Friday, June 12, 2009

"Time The Change May Bring..."

Dear Greenie:

Just want to express my deepest gratitude to you for being such a significant part of my life.
So many times I have reflected on our relationship.

The first time I met you was in 1946. I’ve got to confess that I did not know who you were. Do you remember the big football game that Friday night? That was my first football game ever. My parents took me to the game because my sister was a member of the South Park High School Greenie Cadets, that fabulous drum and bugle corps. They performed at halftime. We were playing the Goose Creek Ganders. I remember thinking that was an unusual name for a football team.

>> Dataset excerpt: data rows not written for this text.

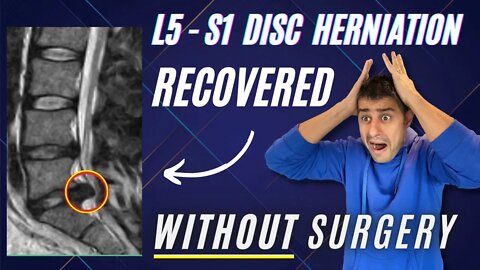 L4 L5 - L5 S1 disc herniation recovered pain free without surgery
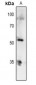 Anti-p53 (pT81) Antibody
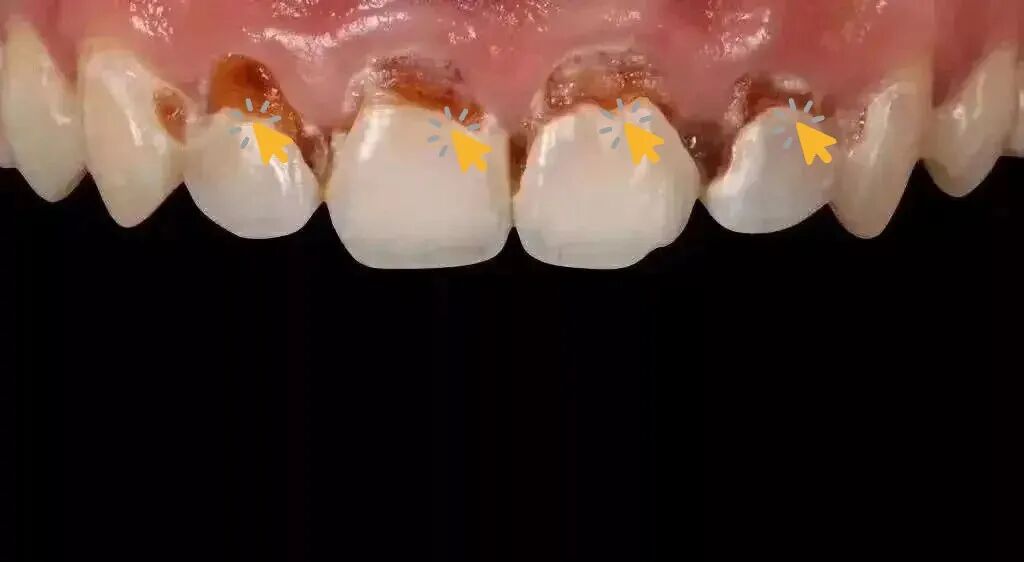 珠海牙科——什麼是牙酸蝕症？_常見問題_牙齒美白_珠海牙科種植牙-珠海箍牙-維港口腔連鎖珠海分院官網-珠海牙科種植牙-珠海箍牙-維港口腔連鎖珠海分院官網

When time came for the game to start, our high school band played the National Emblem. Then we sang a song which I learned later was our alma mater. A portion of those words were, “Time the change may bring.” I am wondering now if that song was prophetic with all the changes we are seeing. Anyway, following the alma mater, someone led a prayer over the public address system. Remember how that no one made a fuss because we prayed? Do you think we took school prayer for granted?

Then the cheerleaders led, “Two bits, four bits, six bits, a dollar. All for the Greenies stand up and holler.” Everyone around me stood up and hollered so I did too. I asked my friend, Joyce Vick which team she was rooting for. She thought I was joking. But that is when and how I began to know you.

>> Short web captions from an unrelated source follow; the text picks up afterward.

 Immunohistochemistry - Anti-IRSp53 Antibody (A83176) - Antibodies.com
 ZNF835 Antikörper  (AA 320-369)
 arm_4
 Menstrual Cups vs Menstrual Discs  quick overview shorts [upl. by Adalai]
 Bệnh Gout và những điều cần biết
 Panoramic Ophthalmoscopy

A few short years later I reached high school and became a Greenie in my own right, I was proud to wear your name. All Greenies proudly waved the green and white. All Greenies knew about you. We called you “Greenie Spirit.”

Greenie, it seems strange that from time to time people wonder what you look like. These same people seem to think that you are a thing. Do they not know a spirit when one is around? I knew a family whose son wrote the following:

“The sun that sets may never rise,
But Greenie Spirit never dies.”

He understood that you are spirit and not a thing. You live in everyone who attended South Park High School. And believe me, Greenie, I have been around many a school in my lifetime. My wife was a school educator for 30 years. I’ve been in and around the public and private education arenas all my life. Never have I witnessed anything like you. Your spirit in our student body was unparalleled.

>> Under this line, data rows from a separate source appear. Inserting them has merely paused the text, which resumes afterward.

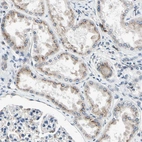 Immunohistochemical staining of human kidney shows moderate cytoplasm granular positivity in cells in tubules.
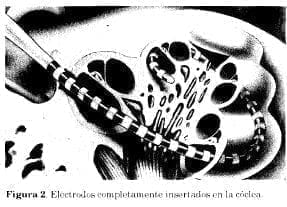 Electrodos implantados Electrodos implantados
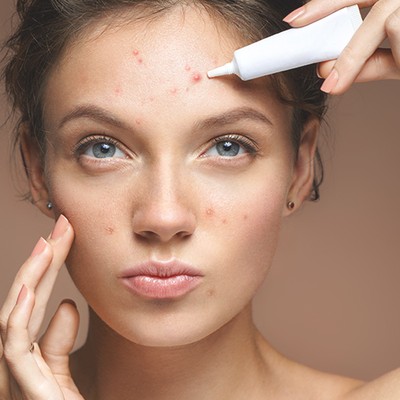 Everything You Need To Know About Adult Acne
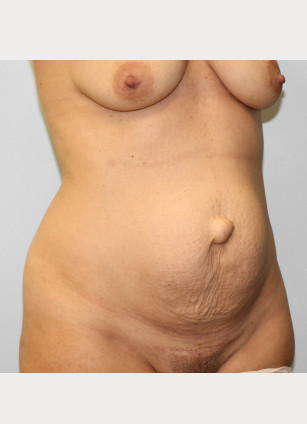 Before Image: Abdominoplasty & Lipo- Dr. Howell - right-front-oblique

As you well know, they want to demolish our old school house. That is one of the most beautiful buildings in Beaumont. Isn’t it unusual how that sometimes progress dictates destruction? Is that really progress? But I digress.

Greenie, you are an indomitable spirit and never will you be degraded to mere brick and mortar. Never can you be confined to narrow hallways and slamming locker doors. You will continue to live in our souls. Even progress cannot take you away.

By the way, what ever happened to your beautiful pendulum clock that graced the wall just above our trophy case? Mr. Floyd used to wind up that lovely timepiece every morning. I wonder how many seconds ticked away on that old clock through the years. As the news reels used to say, “Time Marches On.” I guess time dictates change. And change is what we are seeing.

Greenie, the ending phrases of our alma mater sum it up so well:

“South Park, South Park, dear old South Park,
Time the change may bring.
Still the name of South Park High School
Evermore we’ll sing.”

Winston Hamby
Greenie ‘53


Blogger Unknown  said...

The cadets were not a drum and bugle corps, they were a band. There is a difference

Sat Jun 13, 11:39:00 AM 2009  
Blogger WinSpin  said...

Hi Roosevelt. Thank you for commenting. But I disagree with you.

The Cadets definitely were a drum and bugle corps. My sister was in the Cadets. In fact I'm talking to her on the phone as I write this. She still lives in Beaumont.

The Cadets used only drums and bugles with three or four bell lyres.

The band was another ensemble. The band used brass, reeds and drums.

Look in the old year books (annuals) and they will give you the correct designations for both ensembles.

Eventually I played in the band and my sister played in the drum and bugle corps (Cadets).

The band used to be boys only and the Cadets were girls only.

Later they disbanded the drum and bugle corps and boths boys and girls were in the band...

By the way, in those days all the high schools had a girls only drum and bugle corps. They were the "in thing." Each school also had a band usually boys only.